A nurse takes care of a newborn baby at Gansu Provincial Maternity and Childcare Hospital in Lanzhou. (Photo/Xinhua)
Numbers would have been even worse without second-child rule, experts say
The number of births in China continued to fall last year, the third year since the implementation of a national policy to encourage couples to have two children, a population researcher affiliated to China's top health authority said.
The number of births for 2018 is estimated at between 15 and 16 million, but the figure is not surprising, Huang Kuangshi of the National Health Commission's China Population and Development Research Center told China Daily on Thursday.
Before last year, the annual number of births in China fell below 16 million on six occasions since 2000, including in 2009 and 2010, he said.
"About 50 percent of all children born last year were second children," Huang said. "The universal second-child policy played an important role in encouraging births."

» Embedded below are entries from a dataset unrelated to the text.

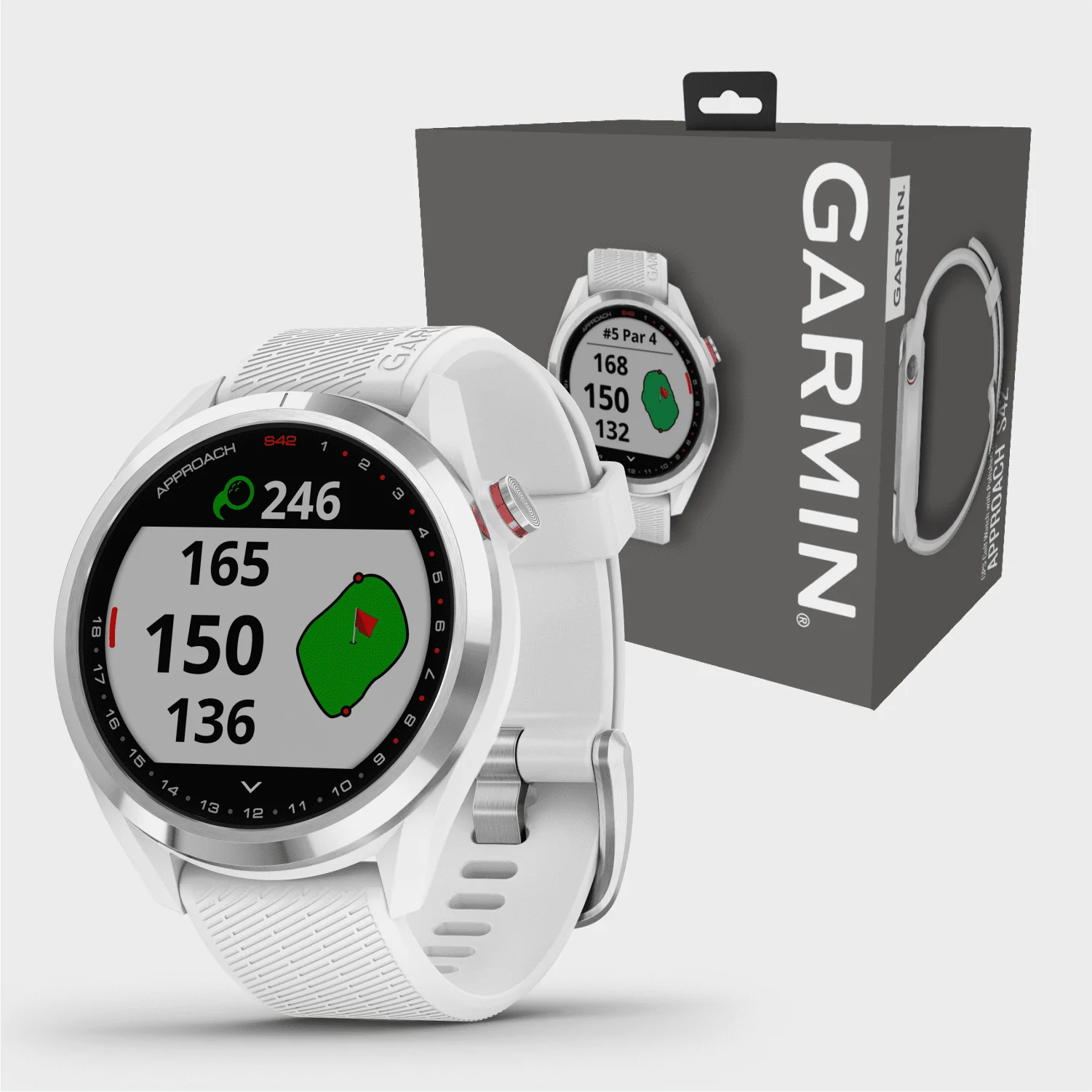 Garmin Approach S42 Golf GPS Watch, Black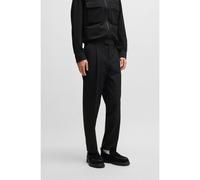 HUGO Slim-fit trousers in seersucker - Style Theodor252F1X, 50540189 Black 32R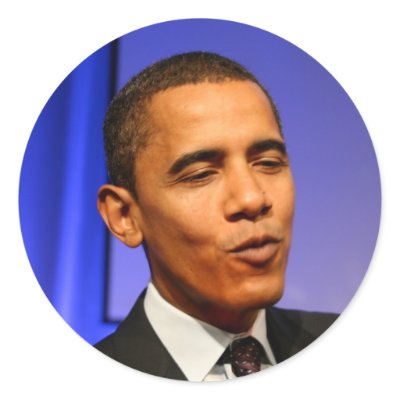 President Barack Obama Round Sticker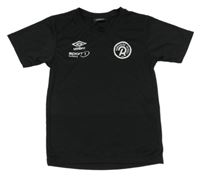Čierne funkčné športové tričko s logom UMBRO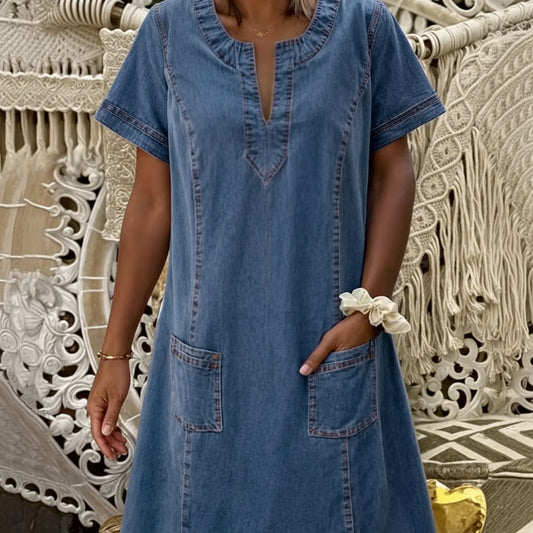 Megan | Effortless Summer Dress with Pockets for Casual Comfort 0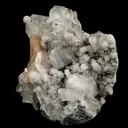 Apophyllite Cubes with Stilbite and Chalcedony Natural Mineral Specimen - image 3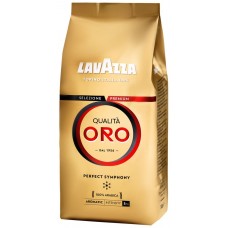 Кофе зерновой LAVAZZA Qualita Oro натуральный жареный, 500г, Италия, 500 г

That's because without the encouragement, the downturn would have been even more pronounced.
China adopted the second-child policy to encourage all couples to have two children at the start of 2016 to counter population aging and the country's dwindling workforce. The number of births jumped to 17.86 million that year, the most since 2000, but faded to 17.23 million in 2017, according to the National Bureau of Statistics.
Figures for 2018 have not been released, but some population experts predicted it is almost certain the number of births will have continued to fall－with the same pattern predicted for this year and the next few years to come－largely due to the dwindling number of women of childbearing age in China.
"The major causes for the falloff in births last year included a decreasing number of women of childbearing age and many women born after 1990 delaying marriage and family," Huang said.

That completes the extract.